The other day, I started thinking about how casually I use technology and how little of my time is spent “disconnected” from the digital world. I wake up, check Facebook/Twitter/Email and head off to the train to go to work – some days I walk quietly to the station, checking my phone every once and a while; other days I blast Pandora and try to read HN articles between dodging traffic in the crosswalks. I hop on the train, and 9/10 I pull out my phone and read a few pages of GoT or chat with a friend over text before heading into work, where 90-98% of my day is spent in front of my laptop screen. The after work time is normally spent – you guessed it – catching up on the day’s top reddit posts or watching Mad Men on my Xbox.

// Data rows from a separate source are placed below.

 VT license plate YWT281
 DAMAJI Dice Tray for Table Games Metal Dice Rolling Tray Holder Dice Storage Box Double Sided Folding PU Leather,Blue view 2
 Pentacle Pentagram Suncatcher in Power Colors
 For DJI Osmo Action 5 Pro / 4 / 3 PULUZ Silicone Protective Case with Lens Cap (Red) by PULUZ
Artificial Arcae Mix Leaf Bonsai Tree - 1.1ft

Is this a bad thing? Being perpetually thrown into a cycle of being “always on”? I’ll admit – some days I feel as though I’ve started feeling a bit like a cyborg with how instantly I have access to everything and just about everyone I know. Accepting meeting requests for Monday on a Sunday morning? I can’t imagine not checking at least once a day on my weekends. I find myself apologizing to my friends when I go to bed without having answered a text; I feel a little weird if I don’t pick up at least one new fact or interesting story each day.

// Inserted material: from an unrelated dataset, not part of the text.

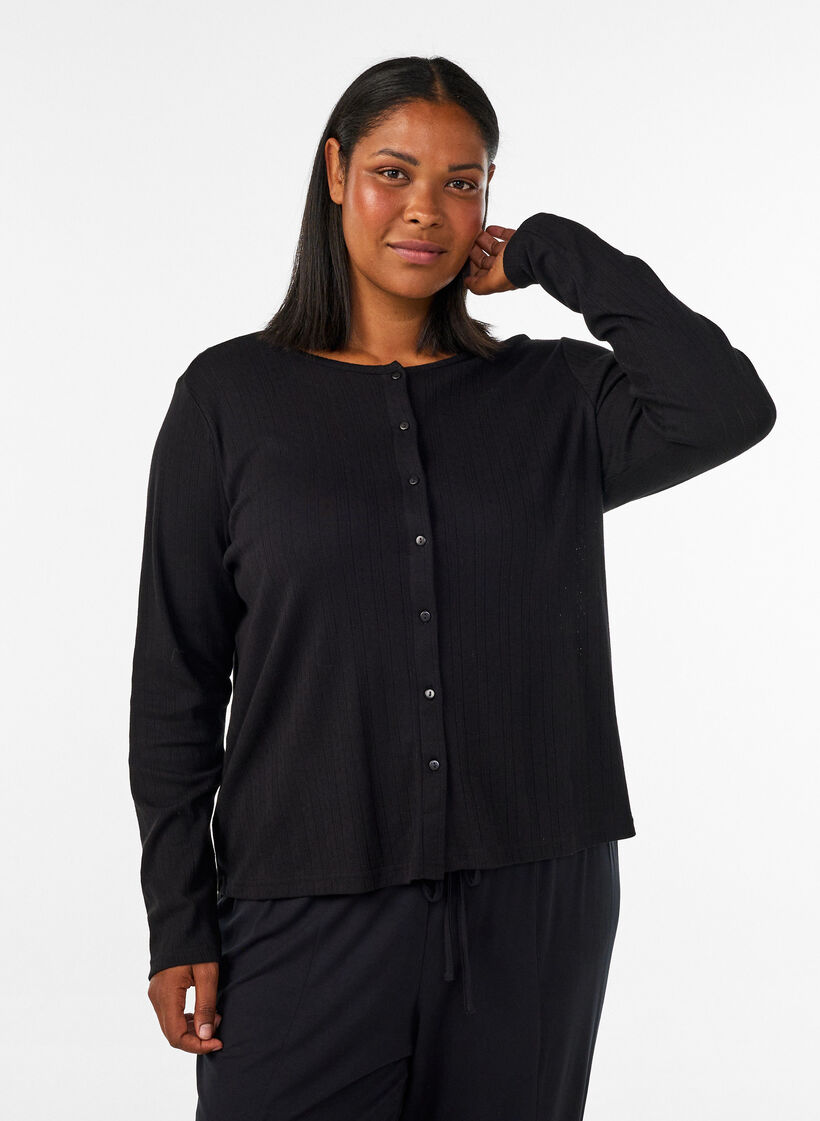 Cardigan en coton biologique avec broderie ajour&eacute;e, Noir, Model image number 0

I feel like the internet is my personal matrix, a la Necromancer – I’m always jacked in. Even when I curl up on the sofa to read on a weekend morning, I’m syncing up my iPad so that my Kindle app finds where I left off on my phone the night before. I can’t think of many activities that I do now where I’m not keeping an eye out on the phone to see if anyone is trying to talk – and I think that I’d like that to change.
Disconnected time is becoming harder and harder to find. Dinner with friends or coworkers almost always results in a phone being pulled out – maybe it’s the nature of the valley, but if you come to the Bay Area and get offended by phones on the table, you’re in for a bad time. I don’t particularly mind this – being always connected does come with benefits – but I have decided to make a conscious effort to take a few hours out of my week and turn off the tech.
This doesn’t just apply to my down time – I find that when I’m most wound up at work thinking over a problem, I turn to the whiteboards that line my walls and draw things out by hand. Despite all of the software tools that we have available to us, sometimes it makes more sense to power down and recharge. Sometimes it’s nice to leave the phone at home and focus on the moment, even in a fast-paced and high-tech industry.